= Problem requirements =
Repeat all the lines below exactly, but omit the pictures.

= Data segment =

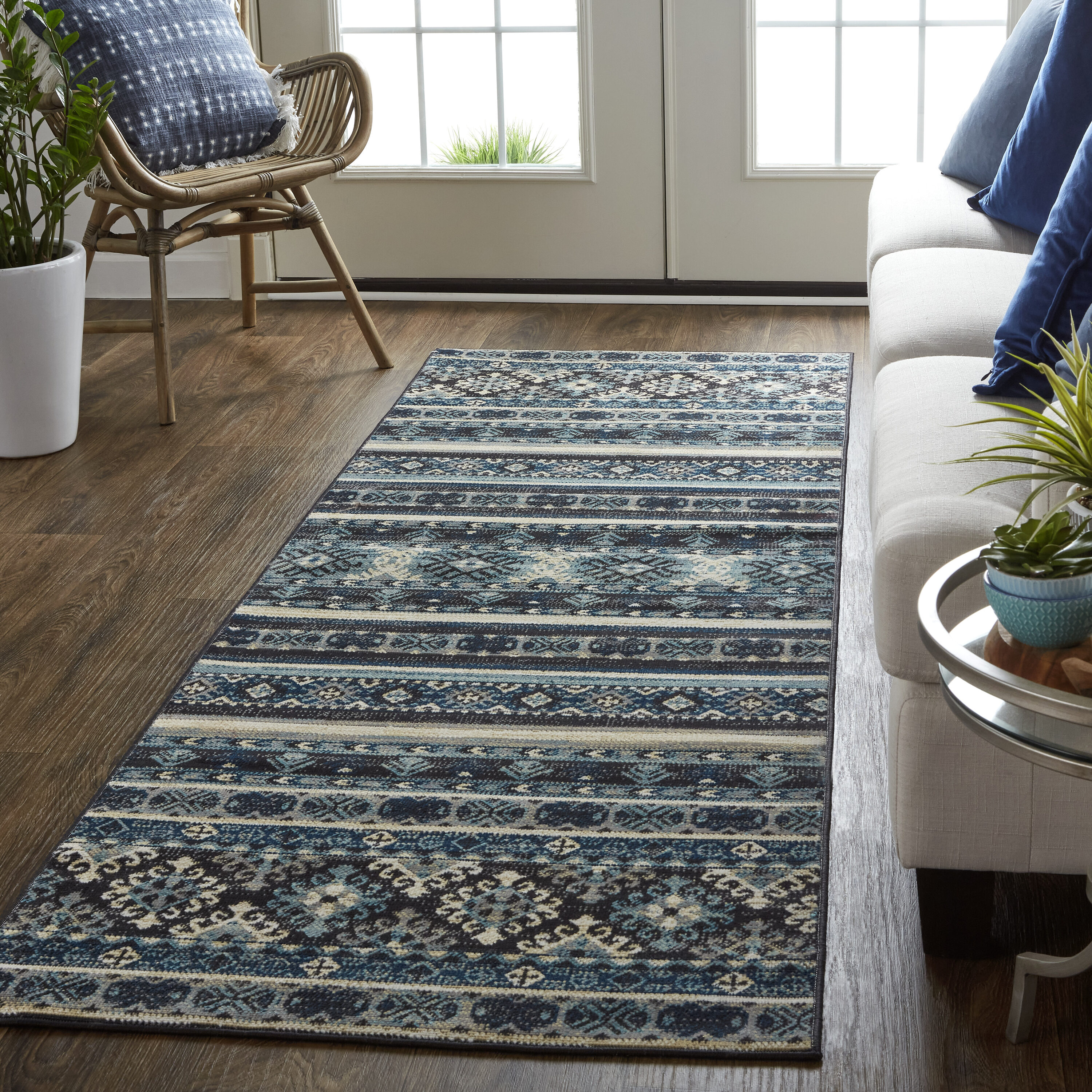 Room Envy NOLR39ATBLUBLKI71 rugs - View #2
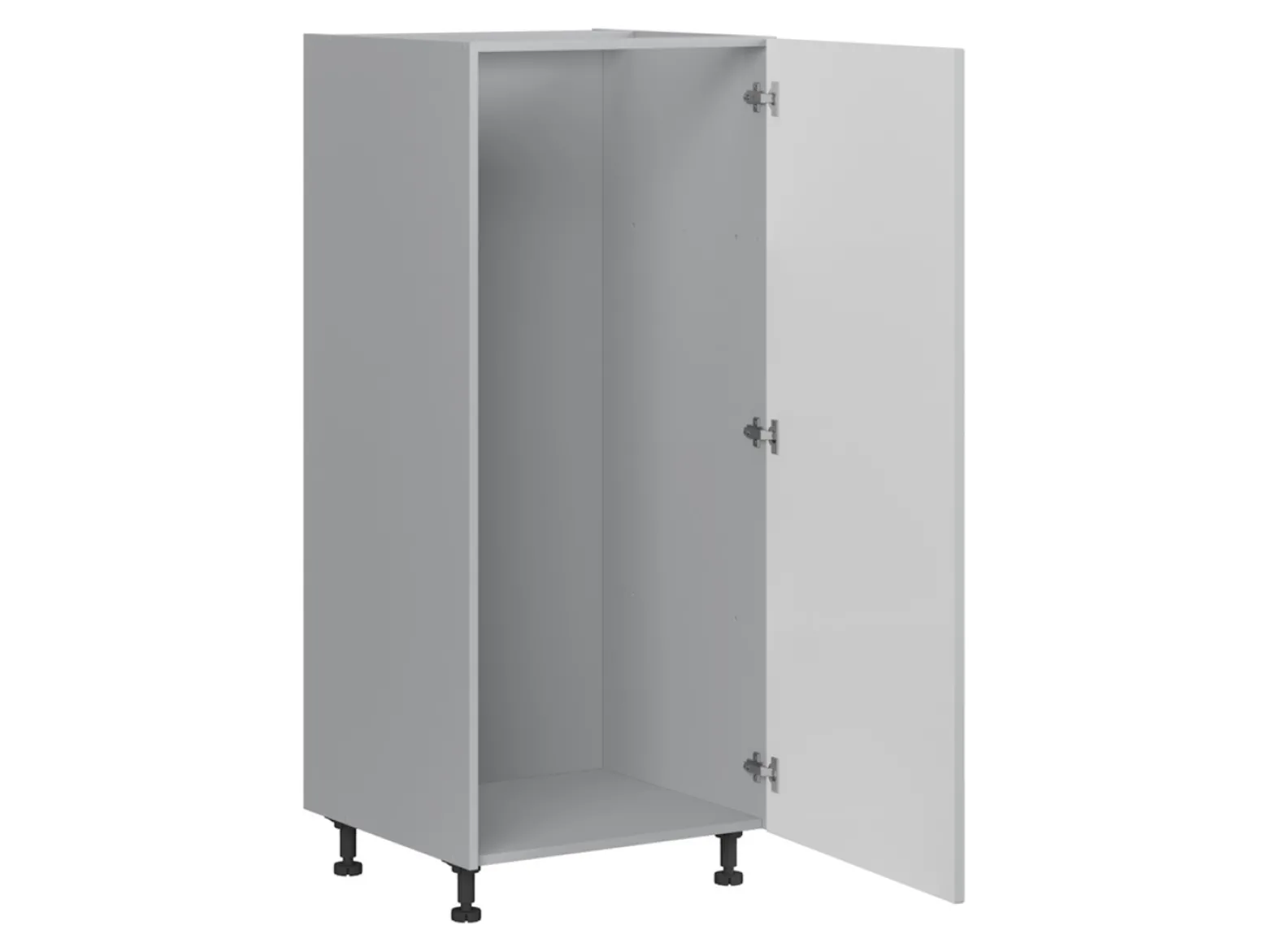 Szafka kuchenna pod zabudowę lodówki Top Line 60 cm prawa szary połysk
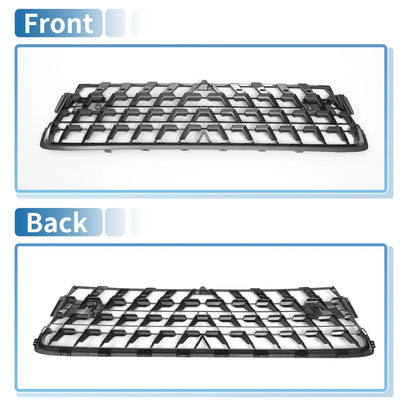 Front Lower Hood Bumper Grille for Lexus GX460 (2014-2022) Chrome Silver Tone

= Task result =
 Room Envy NOLR39ATBLUBLKI71 rugs - View #2
 Szafka kuchenna pod zabudowę lodówki Top Line 60 cm prawa szary połysk
 Front Lower Hood Bumper Grille for Lexus GX460 (2014-2022) Chrome Silver Tone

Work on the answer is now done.